** Dataset follows **

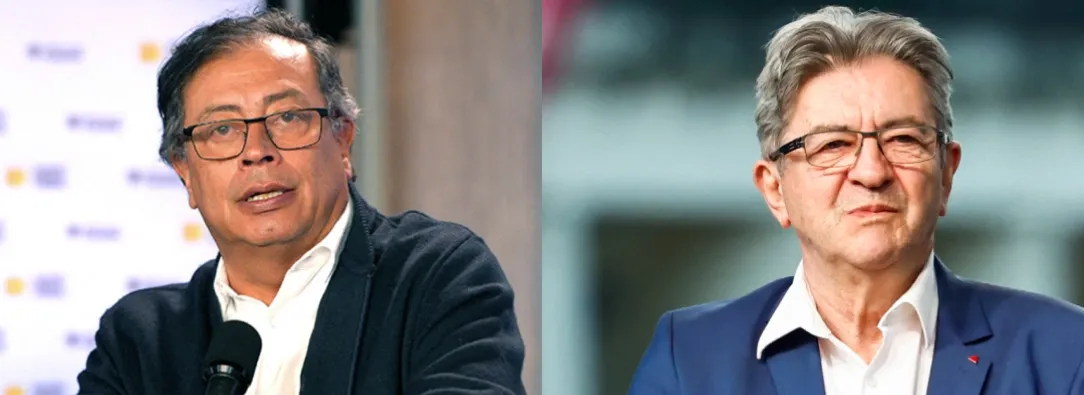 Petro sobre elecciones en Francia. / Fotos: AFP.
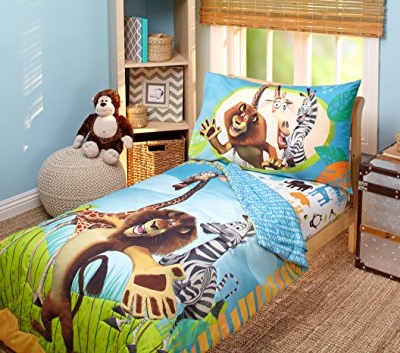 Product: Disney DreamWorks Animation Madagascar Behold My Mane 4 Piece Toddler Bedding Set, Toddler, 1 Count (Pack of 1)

** End of Dataset **
** Dataset follows **

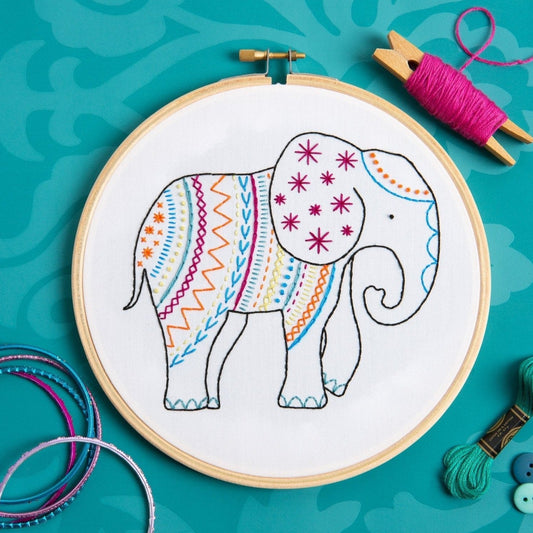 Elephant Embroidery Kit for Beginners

** End of Dataset **
** Dataset follows **

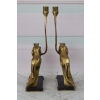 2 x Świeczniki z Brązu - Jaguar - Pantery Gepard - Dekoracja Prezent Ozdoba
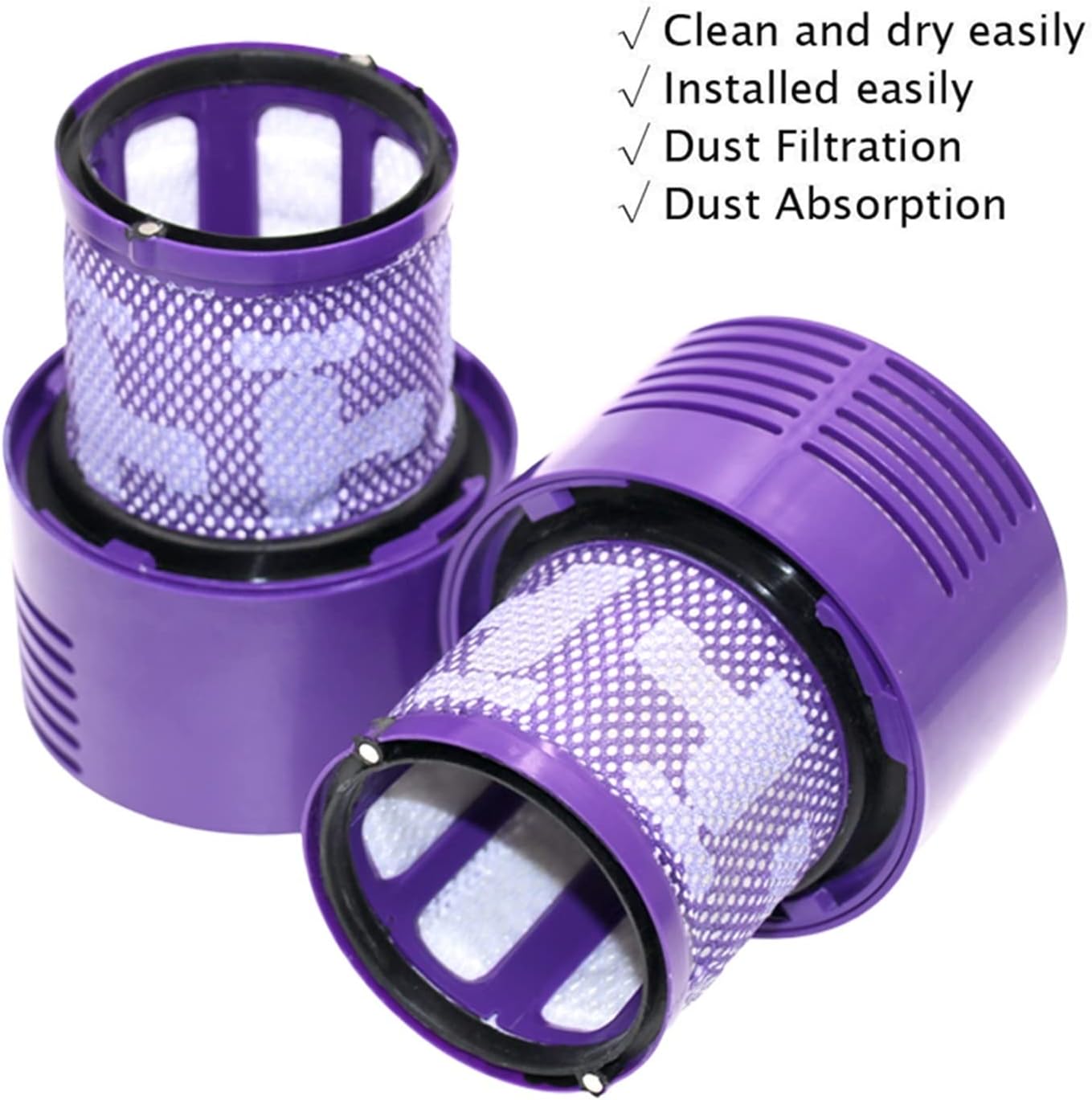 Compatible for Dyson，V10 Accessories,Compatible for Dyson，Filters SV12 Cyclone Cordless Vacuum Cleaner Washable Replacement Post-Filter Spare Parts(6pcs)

** End of Dataset **

### Work required:
Among the entries above, take the lines from the one with "Petro sobre elecciones" through the one with "Product: Disney DreamWorks" and retype them exactly, leaving out the pictures.

### Task output:
 Petro sobre elecciones en Francia. / Fotos: AFP.
 Product: Disney DreamWorks Animation Madagascar Behold My Mane 4 Piece Toddler Bedding Set, Toddler, 1 Count (Pack of 1)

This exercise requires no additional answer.